Recorded data:
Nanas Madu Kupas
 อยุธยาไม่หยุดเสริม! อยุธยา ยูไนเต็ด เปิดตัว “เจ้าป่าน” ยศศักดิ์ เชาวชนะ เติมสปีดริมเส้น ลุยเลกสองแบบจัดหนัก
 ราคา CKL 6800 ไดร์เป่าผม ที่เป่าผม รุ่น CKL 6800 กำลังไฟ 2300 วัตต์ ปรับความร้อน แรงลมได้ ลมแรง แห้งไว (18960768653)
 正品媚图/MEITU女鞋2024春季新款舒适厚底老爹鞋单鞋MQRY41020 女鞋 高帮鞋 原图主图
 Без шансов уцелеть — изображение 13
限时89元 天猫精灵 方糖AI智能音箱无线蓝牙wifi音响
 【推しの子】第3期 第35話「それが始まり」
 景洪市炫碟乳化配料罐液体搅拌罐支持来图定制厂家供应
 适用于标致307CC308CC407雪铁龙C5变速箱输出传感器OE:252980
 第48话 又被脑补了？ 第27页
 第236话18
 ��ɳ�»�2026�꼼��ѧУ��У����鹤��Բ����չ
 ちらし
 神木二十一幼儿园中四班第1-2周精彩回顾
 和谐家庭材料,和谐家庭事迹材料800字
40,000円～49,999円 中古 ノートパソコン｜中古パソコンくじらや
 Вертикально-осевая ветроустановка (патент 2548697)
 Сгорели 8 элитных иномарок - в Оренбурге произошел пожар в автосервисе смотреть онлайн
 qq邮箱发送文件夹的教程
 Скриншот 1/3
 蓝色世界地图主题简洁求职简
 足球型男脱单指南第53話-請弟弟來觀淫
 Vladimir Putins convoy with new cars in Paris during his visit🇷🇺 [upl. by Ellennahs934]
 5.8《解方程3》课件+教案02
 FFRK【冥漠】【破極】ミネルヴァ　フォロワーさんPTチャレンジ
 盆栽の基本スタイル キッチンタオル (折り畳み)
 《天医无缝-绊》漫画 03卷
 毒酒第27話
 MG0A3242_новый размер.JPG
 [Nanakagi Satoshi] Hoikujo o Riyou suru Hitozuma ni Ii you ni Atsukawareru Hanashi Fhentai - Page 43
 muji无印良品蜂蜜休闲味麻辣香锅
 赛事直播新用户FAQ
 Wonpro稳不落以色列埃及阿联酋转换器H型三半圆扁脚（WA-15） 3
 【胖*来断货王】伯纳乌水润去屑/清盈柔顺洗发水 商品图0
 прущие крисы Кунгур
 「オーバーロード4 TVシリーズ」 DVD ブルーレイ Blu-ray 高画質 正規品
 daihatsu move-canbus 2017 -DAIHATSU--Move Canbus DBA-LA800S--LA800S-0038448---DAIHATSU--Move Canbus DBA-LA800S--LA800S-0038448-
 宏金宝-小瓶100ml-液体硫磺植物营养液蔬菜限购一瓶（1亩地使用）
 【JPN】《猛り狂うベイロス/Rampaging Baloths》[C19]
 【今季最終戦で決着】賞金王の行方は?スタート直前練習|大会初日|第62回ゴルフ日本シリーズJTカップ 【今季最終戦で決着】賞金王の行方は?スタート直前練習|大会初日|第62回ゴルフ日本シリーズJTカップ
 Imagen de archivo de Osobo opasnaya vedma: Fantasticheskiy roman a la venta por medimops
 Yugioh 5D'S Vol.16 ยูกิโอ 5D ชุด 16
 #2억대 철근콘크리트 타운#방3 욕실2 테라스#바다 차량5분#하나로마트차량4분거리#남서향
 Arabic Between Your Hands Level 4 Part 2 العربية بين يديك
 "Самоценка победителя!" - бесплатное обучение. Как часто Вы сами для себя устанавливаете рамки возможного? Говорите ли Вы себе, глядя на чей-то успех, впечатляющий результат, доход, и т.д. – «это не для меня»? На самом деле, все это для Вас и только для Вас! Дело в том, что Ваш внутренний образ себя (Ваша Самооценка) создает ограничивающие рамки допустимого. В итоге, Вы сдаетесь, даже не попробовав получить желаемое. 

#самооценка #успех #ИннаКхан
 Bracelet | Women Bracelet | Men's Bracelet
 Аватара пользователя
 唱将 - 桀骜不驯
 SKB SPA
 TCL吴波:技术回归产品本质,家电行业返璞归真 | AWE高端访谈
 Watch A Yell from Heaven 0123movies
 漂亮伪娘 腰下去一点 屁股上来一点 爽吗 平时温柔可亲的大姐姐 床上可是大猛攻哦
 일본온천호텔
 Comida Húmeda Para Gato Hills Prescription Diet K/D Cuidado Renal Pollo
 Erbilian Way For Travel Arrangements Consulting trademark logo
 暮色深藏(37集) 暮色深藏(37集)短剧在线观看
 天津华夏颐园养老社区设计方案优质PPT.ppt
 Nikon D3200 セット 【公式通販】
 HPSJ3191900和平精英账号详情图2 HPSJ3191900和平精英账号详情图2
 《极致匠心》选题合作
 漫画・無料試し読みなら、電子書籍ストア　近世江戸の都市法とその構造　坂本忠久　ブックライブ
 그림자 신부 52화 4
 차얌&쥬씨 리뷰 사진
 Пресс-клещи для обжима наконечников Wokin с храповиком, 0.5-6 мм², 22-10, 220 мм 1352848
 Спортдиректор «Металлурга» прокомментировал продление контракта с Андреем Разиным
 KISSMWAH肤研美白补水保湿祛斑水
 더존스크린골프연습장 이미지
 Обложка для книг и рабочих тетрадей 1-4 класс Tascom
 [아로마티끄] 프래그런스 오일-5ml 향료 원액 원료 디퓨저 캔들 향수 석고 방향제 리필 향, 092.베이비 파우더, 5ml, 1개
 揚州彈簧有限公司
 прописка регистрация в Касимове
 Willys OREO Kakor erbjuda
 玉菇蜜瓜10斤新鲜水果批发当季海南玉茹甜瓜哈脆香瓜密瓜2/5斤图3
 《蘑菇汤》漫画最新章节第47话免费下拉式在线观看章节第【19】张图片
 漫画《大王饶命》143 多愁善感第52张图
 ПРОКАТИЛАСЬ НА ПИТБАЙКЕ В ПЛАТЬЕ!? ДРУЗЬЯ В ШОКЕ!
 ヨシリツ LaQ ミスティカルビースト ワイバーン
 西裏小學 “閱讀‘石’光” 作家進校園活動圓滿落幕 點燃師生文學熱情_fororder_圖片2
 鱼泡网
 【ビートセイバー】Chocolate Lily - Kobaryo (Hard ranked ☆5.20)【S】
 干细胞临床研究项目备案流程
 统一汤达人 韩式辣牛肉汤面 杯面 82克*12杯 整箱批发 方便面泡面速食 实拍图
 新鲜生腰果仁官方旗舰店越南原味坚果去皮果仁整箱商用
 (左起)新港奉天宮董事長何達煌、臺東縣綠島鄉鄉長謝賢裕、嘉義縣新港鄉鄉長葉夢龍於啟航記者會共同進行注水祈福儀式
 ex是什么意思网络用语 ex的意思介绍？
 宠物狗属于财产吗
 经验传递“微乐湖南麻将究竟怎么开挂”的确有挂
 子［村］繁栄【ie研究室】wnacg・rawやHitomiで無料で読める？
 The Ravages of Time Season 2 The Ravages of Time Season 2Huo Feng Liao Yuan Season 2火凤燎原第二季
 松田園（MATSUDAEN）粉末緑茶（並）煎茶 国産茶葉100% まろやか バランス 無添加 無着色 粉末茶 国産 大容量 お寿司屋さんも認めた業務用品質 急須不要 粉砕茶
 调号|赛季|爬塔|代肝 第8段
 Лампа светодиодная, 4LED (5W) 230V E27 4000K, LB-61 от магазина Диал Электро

- **Task**:
Starting at the line above that holds "Watch A Yell from Heaven 0123movies" and ending at the line that holds "더존스크린골프연습장 이미지", transcribe each line exactly and include no other lines.

- **Solution below**:
 Watch A Yell from Heaven 0123movies
 漂亮伪娘 腰下去一点 屁股上来一点 爽吗 平时温柔可亲的大姐姐 床上可是大猛攻哦
 일본온천호텔
 Comida Húmeda Para Gato Hills Prescription Diet K/D Cuidado Renal Pollo
 Erbilian Way For Travel Arrangements Consulting trademark logo
 暮色深藏(37集) 暮色深藏(37集)短剧在线观看
 天津华夏颐园养老社区设计方案优质PPT.ppt
 Nikon D3200 セット 【公式通販】
 HPSJ3191900和平精英账号详情图2 HPSJ3191900和平精英账号详情图2
 《极致匠心》选题合作
 漫画・無料試し読みなら、電子書籍ストア　近世江戸の都市法とその構造　坂本忠久　ブックライブ
 그림자 신부 52화 4
 차얌&쥬씨 리뷰 사진
 Пресс-клещи для обжима наконечников Wokin с храповиком, 0.5-6 мм², 22-10, 220 мм 1352848
 Спортдиректор «Металлурга» прокомментировал продление контракта с Андреем Разиным
 KISSMWAH肤研美白补水保湿祛斑水
 더존스크린골프연습장 이미지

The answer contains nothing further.